CONCORD, N.H. (AP) — New Hampshire’s attorney general on Monday ordered national Democratic party leaders to stop calling the state’s unsanctioned presidential primary “meaningless,” saying doing so violates state law.
The cease-and-desist notice came three days after the co-chairs of the Democratic National Committee’s rules committee told New Hampshire party leaders to “educate the public that January 23rd is a non-binding presidential preference event and is meaningless.” In a letter to Chairman Ray Buckley, they also called the primary “detrimental” and said “non-compliant processes can disenfranchise and confuse voters.”
But Attorney General John Formella said it’s the DNC that is in danger of harming voters. Formella, appointed by Republican Gov. Chris Sununu, did not say whether he is considering criminal charges, but his office later said he hasn’t ruled it out. He released a statement saying the comments amount to an illegal attempt to deter voters from participating in the primary and cited state laws against criminal solicitation and voter suppression. The latter, a felony, makes it illegal to attempt to deter someone from voting based on fraudulent, deceptive or misleading information.

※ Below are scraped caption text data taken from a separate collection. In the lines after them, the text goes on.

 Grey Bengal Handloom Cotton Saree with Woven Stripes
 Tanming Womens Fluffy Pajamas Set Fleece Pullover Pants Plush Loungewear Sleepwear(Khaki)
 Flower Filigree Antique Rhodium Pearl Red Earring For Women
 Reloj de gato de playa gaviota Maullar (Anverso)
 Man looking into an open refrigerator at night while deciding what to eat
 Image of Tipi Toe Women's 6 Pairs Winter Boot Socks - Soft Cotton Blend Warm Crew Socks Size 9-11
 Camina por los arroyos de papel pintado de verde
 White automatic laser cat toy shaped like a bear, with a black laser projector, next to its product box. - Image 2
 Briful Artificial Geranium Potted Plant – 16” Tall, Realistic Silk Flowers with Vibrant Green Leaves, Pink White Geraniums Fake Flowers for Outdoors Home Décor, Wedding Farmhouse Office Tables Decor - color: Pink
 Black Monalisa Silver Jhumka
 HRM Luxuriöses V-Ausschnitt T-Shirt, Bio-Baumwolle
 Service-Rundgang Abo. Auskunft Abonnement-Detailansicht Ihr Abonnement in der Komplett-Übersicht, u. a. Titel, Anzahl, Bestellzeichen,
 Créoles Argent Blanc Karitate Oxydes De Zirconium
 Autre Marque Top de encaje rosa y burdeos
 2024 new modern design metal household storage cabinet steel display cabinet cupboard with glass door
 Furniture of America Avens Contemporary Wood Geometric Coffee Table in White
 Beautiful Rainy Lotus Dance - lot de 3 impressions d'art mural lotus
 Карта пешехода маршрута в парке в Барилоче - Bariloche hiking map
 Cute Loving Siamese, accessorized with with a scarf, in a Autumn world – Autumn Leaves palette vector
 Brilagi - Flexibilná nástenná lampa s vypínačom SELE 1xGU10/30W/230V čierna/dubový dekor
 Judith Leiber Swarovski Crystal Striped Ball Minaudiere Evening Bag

“Regardless of whether the DNC refuses to award delegates to the party’s national convention based on the results of the January 23, 2024, New Hampshire democratic Presidential Primary Election, this New Hampshire election is not “meaningless,’” Formella said. Statements to the contrary are false, deceptive and misleading.”
New Hampshire’s secretary of state scheduled the primary in accordance with a state law that requires both the Republican and Democratic primaries to be held at least seven days before any similar contest. But that put the state at odds with the DNC’s calendar, which starts with a primary in South Carolina on Feb. 3 followed by Nevada. Aimed at giving Black and other minority voters a larger, earlier role, the schedule also moves Michigan into the group of early states voting before Super Tuesday on March 5, when most of the rest of the country holds primaries.
President Joe Biden, who sought the changes, kept his name off the ballot in New Hampshire, though Democrats have organized a write-in campaign on his behalf.
Republicans will kick off the nominating process with the Iowa caucus on Monday. New Hampshire’s primary eight days later will be a crucial opportunity for GOP candidates to show they can remain competitive against former President Donald Trump, the early front-runner for their party’s presidential nomination.
A spokesperson for the DNC declined to comment Monday. Buckley, the New Hampshire chairman, released a statement reiterating that the secretary of state followed the law in picking the date.
“Well, it’s safe to say in New Hampshire, the DNC is less popular than the NY Yankees,” he said. “Nothing has changed, and we look forward to seeing a great Democratic voter turnout on January 23rd.”